**Exercise brief:** The range runs from the line containing "Arthouse Symmetrical Chic" through the last line of the material below; retype it exactly, leaving out the pictures.

**Given data:**

Segment Open

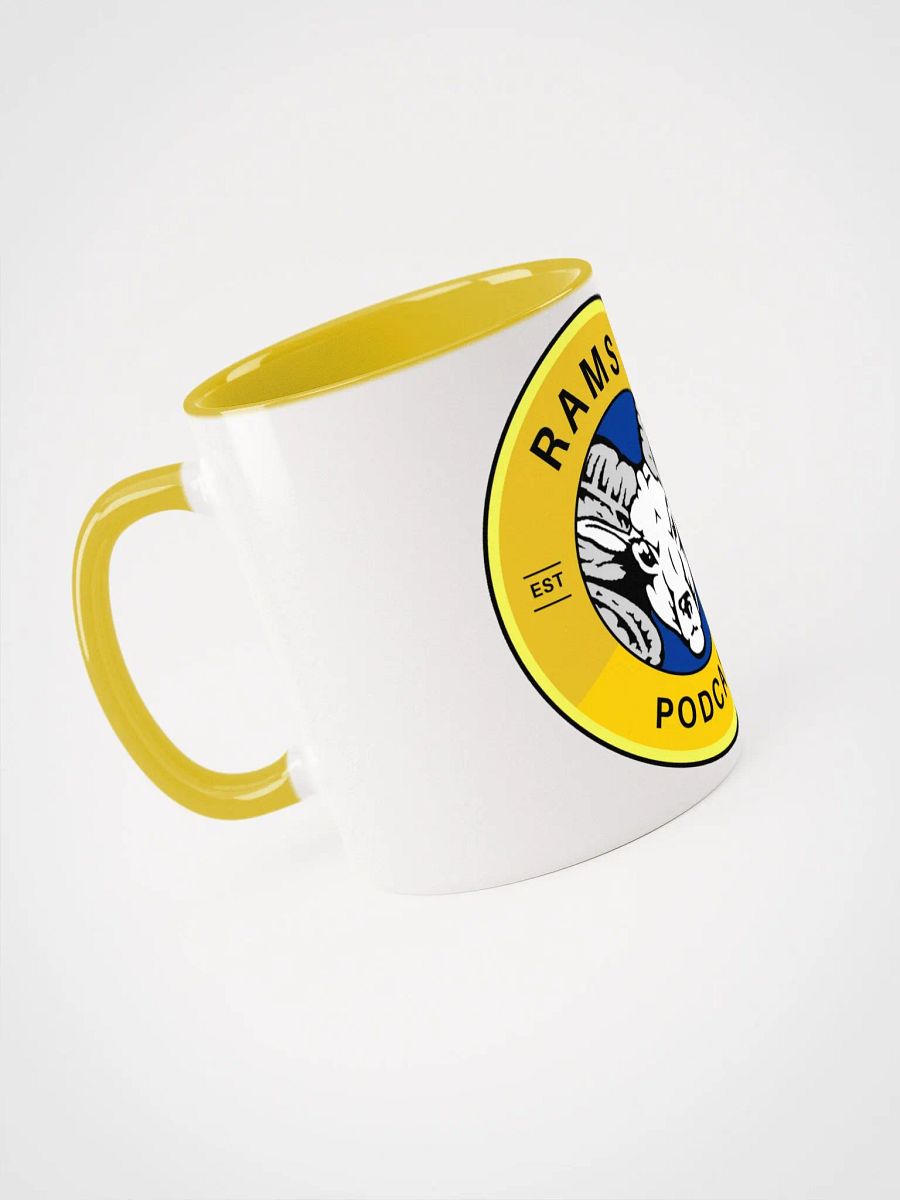 Rams Up Ceramic Mug with Blue & White Logo product image (3)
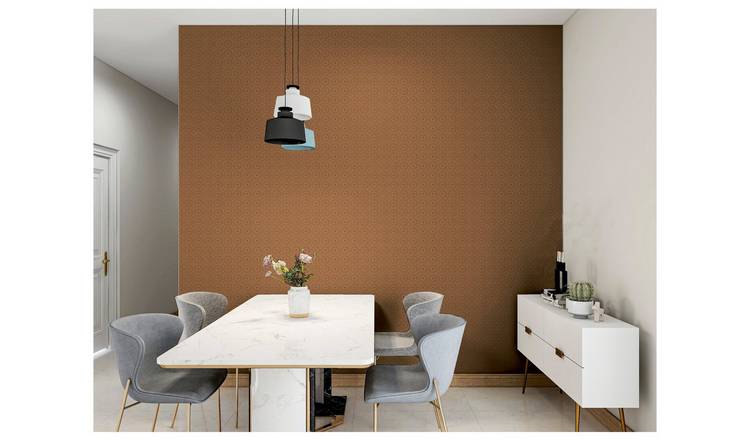 Arthouse Symmetrical Chic Copper Gold Wallpaper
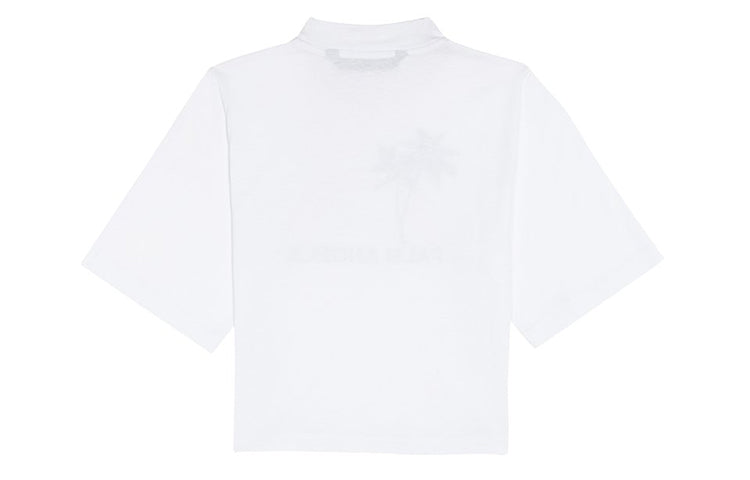 PALM ANGELS Printing Short Sleeve White PWAA020S20JER0060110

Segment Closed

**Response:**
 Arthouse Symmetrical Chic Copper Gold Wallpaper
 PALM ANGELS Printing Short Sleeve White PWAA020S20JER0060110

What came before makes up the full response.